Legendary war correspondent Ernie Pyle noted this brutal, dismissive attitude when he traveled from the Western Front to the Pacific almost 50 years ago. "In Europe," Pyle reported, "we felt our enemies, horrible and deadly as they were, were still people. But out here I've already gathered the feeling that the Japanese are looked upon as something inhuman and squirmy--like some people feel about cockroaches or mice."
This extreme, perverted enmity extended even to the home front. The U.S. government incarcerated more than 100,000 persons of Japanese ancestry at 10 internment camps spread across seven Western states. The War Department forcibly relocated both aliens (immigrants from Japan were ineligible for citizenship no matter how long they resided in this country or how fervently they wished to naturalize) and their native-born children--full U.S. citizens. Authorities made no effort to distinguish loyal Americans from potential traitors; racial characteristics alone made them all dangerous and undesirable.

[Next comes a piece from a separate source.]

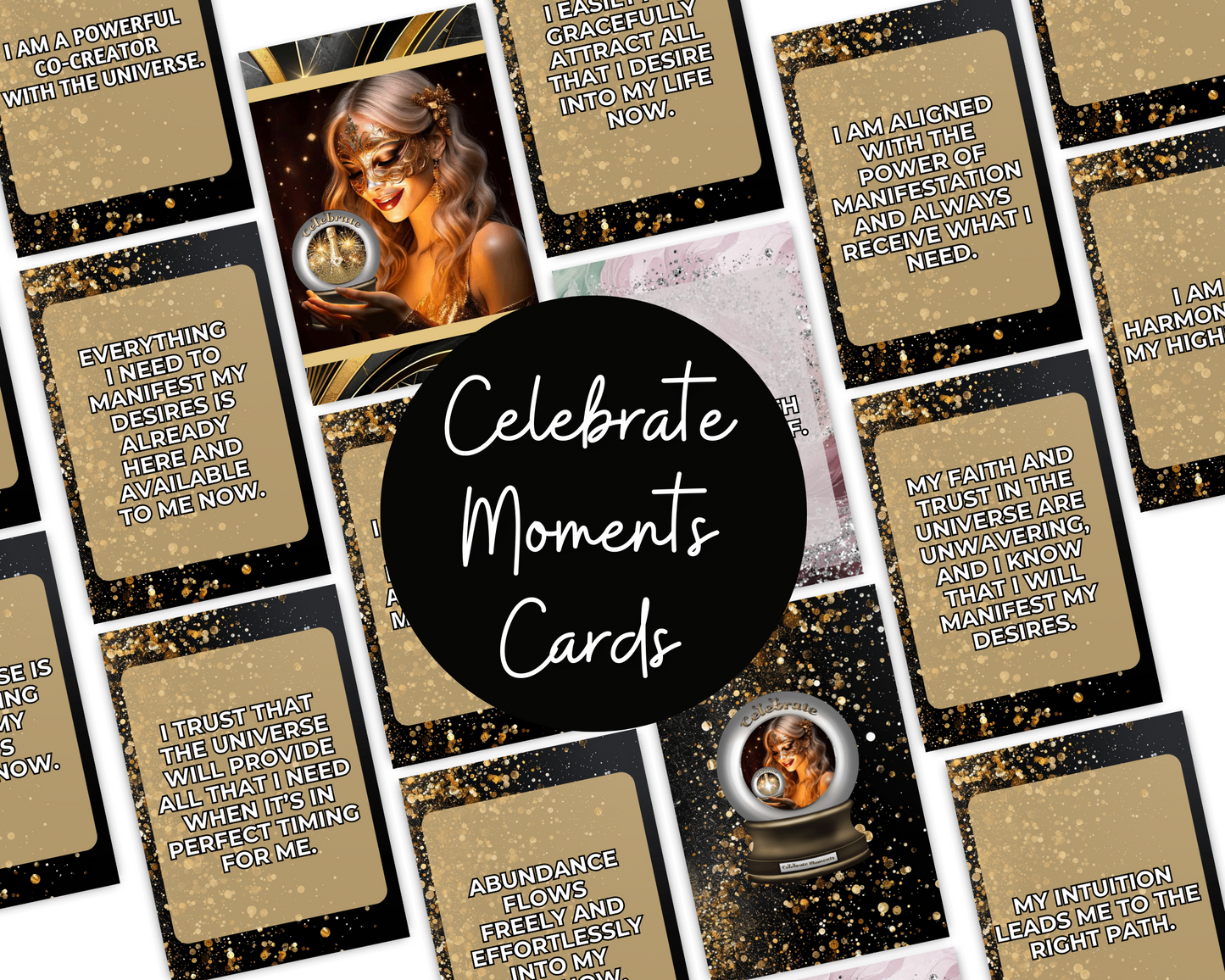 Celebrate Moments Printable  Affirmation Cards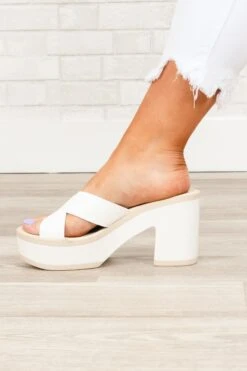 Milkshake Date Heels, White 10 Milkshake Date Heels, White -Chic Soul Store MilkshakeDateHeels White 4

The reconciliation at Iwo Jima prevents both Americans and Japanese from confronting the real history of their wartime struggle. This flight from history comes as little surprise. Anniversaries often serve as occasions to revise and forget rather than reflect and remember.

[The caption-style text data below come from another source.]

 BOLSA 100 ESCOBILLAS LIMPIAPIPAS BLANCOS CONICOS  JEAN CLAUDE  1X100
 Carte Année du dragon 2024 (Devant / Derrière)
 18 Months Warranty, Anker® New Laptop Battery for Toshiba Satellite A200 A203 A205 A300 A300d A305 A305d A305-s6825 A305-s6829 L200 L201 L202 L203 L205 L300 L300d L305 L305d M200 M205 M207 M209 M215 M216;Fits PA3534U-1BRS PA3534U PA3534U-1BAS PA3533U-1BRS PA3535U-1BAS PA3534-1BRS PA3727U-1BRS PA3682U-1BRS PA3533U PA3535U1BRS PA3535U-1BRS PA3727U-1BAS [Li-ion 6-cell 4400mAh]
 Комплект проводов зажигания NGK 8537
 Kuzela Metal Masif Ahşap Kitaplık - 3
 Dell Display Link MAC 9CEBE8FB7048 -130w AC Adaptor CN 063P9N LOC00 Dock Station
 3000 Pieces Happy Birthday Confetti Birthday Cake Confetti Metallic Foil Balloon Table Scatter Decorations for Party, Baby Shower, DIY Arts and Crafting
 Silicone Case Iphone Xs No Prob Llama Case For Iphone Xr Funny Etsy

For Americans, the use of commemorations to advance contemporary agendas remains a venerable tradition--as old as the republic and as fresh as the ink on last week's newspapers. In 1775, for example, villagers in Lexington and Concord took pains to document the purely defensive character of their famous battle against the Redcoats. They compiled volumes of testimony and eyewitness accounts proving the embattled colonists had only responded to British aggression. But 50 years later, Lexington and Concord practically went to war with each other, disputing who had fired the first shot, who had fought most tenaciously.
Just last month, the Smithsonian Institution canceled its 50th anniversary exhibit on the Hiroshima A-bomb, the result of a controversy that had more to do with winning votes and skewering the "cultural elite" in 1996 than with remembering the past.
Understanding history--and valuing it--requires, above all, a genuine, critical engagement with the past. We are, and ever must be, creatures of our own time, tempted to bend memory to current purposes, to expurgate histories that make us uncomfortable, to dismiss newly discovered facts that dispute our sunny recollections of bygone days.
But at Iwo Jima, as at Normandy, we must resist that temptation. We must try to reclaim the lost country of the past, in all its discomfiting, unsettling starkness--even if historical reality does not affirm the sentiments and advance the policies of today.